**WHAT TO PRODUCE:** Would you repeat the data below exactly, taking out the images?

**INFORMATION SHOWN:**
Content starts
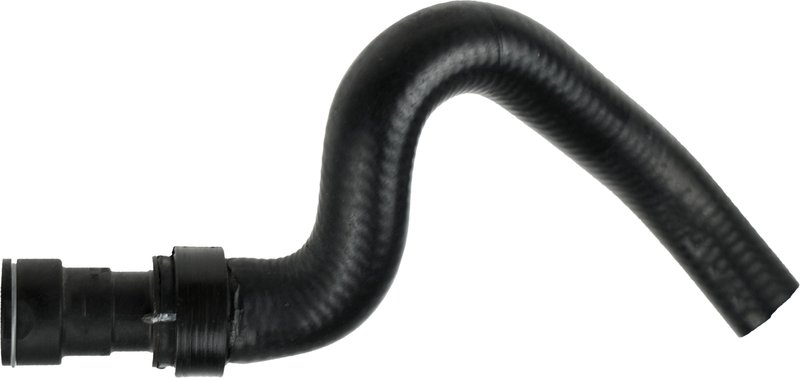 Furtun incalzire Gates 02-2346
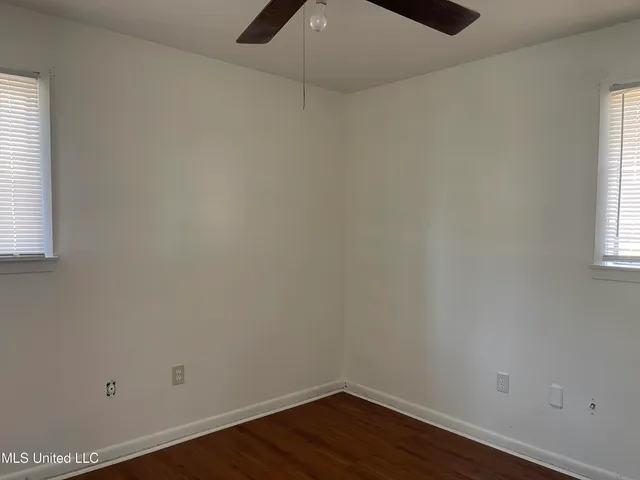 $68,000 | 1148 Marble Street, Jackson, MS 39212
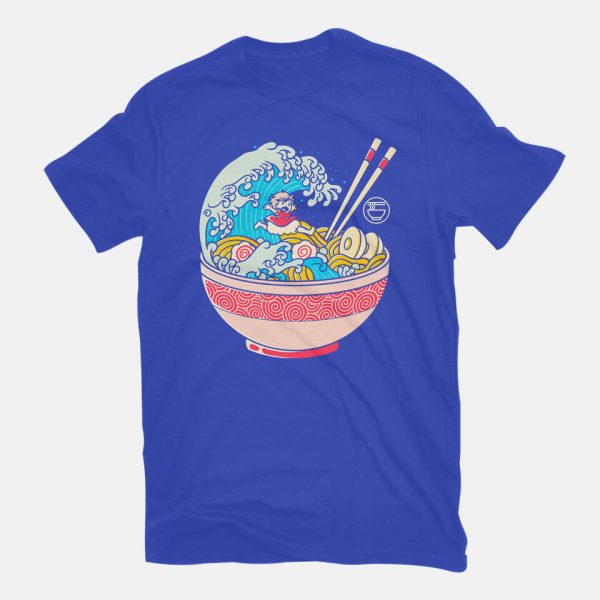 Anime Ramen - Image 15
Content ends
**OUTPUT FOR THIS EXERCISE:**
 Furtun incalzire Gates 02-2346
 $68,000 | 1148 Marble Street, Jackson, MS 39212
 Anime Ramen - Image 15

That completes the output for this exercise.